WORK TO BE COMPLETED:
Transcribe exactly the lines that fall between the one holding "1 chambre, fer" and the one holding "Araçta ruhsatsız tabanca ele geçirildi", inclusive, from the entries below.

(Items from a data source)
-- -- --
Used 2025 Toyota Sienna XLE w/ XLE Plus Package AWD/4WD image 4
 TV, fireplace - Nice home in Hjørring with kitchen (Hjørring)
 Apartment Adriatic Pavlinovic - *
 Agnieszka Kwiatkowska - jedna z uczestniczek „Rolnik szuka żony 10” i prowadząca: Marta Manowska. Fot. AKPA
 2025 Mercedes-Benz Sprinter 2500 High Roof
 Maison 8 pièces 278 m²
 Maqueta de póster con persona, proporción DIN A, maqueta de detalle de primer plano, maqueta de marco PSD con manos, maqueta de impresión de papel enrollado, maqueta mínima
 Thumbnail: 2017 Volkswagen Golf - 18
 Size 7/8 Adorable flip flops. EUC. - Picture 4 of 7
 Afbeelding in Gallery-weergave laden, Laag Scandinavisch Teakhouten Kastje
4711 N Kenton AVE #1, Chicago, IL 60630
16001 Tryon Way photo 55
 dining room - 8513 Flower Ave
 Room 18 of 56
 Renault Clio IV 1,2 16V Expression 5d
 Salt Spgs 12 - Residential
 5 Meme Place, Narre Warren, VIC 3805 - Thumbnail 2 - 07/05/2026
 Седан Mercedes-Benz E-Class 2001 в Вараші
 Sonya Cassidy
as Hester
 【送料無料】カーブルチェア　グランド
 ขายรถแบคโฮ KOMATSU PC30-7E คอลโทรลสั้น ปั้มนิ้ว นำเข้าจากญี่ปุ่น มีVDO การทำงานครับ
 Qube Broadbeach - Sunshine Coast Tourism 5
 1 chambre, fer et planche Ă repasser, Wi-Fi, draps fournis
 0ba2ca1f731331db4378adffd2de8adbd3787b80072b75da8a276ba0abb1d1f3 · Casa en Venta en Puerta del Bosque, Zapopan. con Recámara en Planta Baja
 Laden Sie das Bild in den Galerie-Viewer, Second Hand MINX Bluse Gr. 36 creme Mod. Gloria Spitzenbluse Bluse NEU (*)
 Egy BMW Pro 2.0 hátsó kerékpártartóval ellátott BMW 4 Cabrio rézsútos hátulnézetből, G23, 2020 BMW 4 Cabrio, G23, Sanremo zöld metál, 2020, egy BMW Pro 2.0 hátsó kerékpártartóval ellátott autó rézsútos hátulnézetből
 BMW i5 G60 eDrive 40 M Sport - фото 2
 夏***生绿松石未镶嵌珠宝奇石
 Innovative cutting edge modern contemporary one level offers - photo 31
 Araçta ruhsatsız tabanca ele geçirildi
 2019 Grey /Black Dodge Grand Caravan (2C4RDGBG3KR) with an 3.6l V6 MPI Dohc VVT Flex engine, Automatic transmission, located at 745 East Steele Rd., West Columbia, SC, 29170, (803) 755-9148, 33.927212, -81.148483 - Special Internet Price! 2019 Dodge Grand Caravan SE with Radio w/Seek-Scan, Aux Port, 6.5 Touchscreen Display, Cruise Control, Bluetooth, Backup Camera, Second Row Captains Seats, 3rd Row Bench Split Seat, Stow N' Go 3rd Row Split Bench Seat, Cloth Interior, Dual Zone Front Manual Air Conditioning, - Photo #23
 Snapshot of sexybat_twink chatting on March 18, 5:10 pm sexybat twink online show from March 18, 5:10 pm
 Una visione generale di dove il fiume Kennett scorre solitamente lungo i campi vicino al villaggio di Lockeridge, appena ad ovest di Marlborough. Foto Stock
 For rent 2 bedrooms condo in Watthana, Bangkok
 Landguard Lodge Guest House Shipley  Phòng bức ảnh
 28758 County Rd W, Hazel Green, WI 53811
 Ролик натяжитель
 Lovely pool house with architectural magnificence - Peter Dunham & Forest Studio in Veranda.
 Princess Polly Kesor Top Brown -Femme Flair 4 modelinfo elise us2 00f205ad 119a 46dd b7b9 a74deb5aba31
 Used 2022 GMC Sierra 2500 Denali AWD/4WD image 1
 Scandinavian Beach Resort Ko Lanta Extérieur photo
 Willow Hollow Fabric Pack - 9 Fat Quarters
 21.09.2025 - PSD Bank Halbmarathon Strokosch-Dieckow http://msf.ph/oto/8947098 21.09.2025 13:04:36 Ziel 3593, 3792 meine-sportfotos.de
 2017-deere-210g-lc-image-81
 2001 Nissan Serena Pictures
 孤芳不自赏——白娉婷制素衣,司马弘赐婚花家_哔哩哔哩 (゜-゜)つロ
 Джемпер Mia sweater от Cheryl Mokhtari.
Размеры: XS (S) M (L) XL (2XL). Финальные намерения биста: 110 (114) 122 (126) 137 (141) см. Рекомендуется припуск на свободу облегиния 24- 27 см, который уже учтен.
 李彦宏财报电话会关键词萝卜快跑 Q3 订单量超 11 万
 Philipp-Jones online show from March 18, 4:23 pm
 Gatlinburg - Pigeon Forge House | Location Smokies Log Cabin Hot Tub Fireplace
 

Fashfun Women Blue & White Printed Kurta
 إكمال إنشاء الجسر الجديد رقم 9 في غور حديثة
-- -- --
REPLY TO THE TASK:
 1 chambre, fer et planche Ă repasser, Wi-Fi, draps fournis
 0ba2ca1f731331db4378adffd2de8adbd3787b80072b75da8a276ba0abb1d1f3 · Casa en Venta en Puerta del Bosque, Zapopan. con Recámara en Planta Baja
 Laden Sie das Bild in den Galerie-Viewer, Second Hand MINX Bluse Gr. 36 creme Mod. Gloria Spitzenbluse Bluse NEU (*)
 Egy BMW Pro 2.0 hátsó kerékpártartóval ellátott BMW 4 Cabrio rézsútos hátulnézetből, G23, 2020 BMW 4 Cabrio, G23, Sanremo zöld metál, 2020, egy BMW Pro 2.0 hátsó kerékpártartóval ellátott autó rézsútos hátulnézetből
 BMW i5 G60 eDrive 40 M Sport - фото 2
 夏***生绿松石未镶嵌珠宝奇石
 Innovative cutting edge modern contemporary one level offers - photo 31
 Araçta ruhsatsız tabanca ele geçirildi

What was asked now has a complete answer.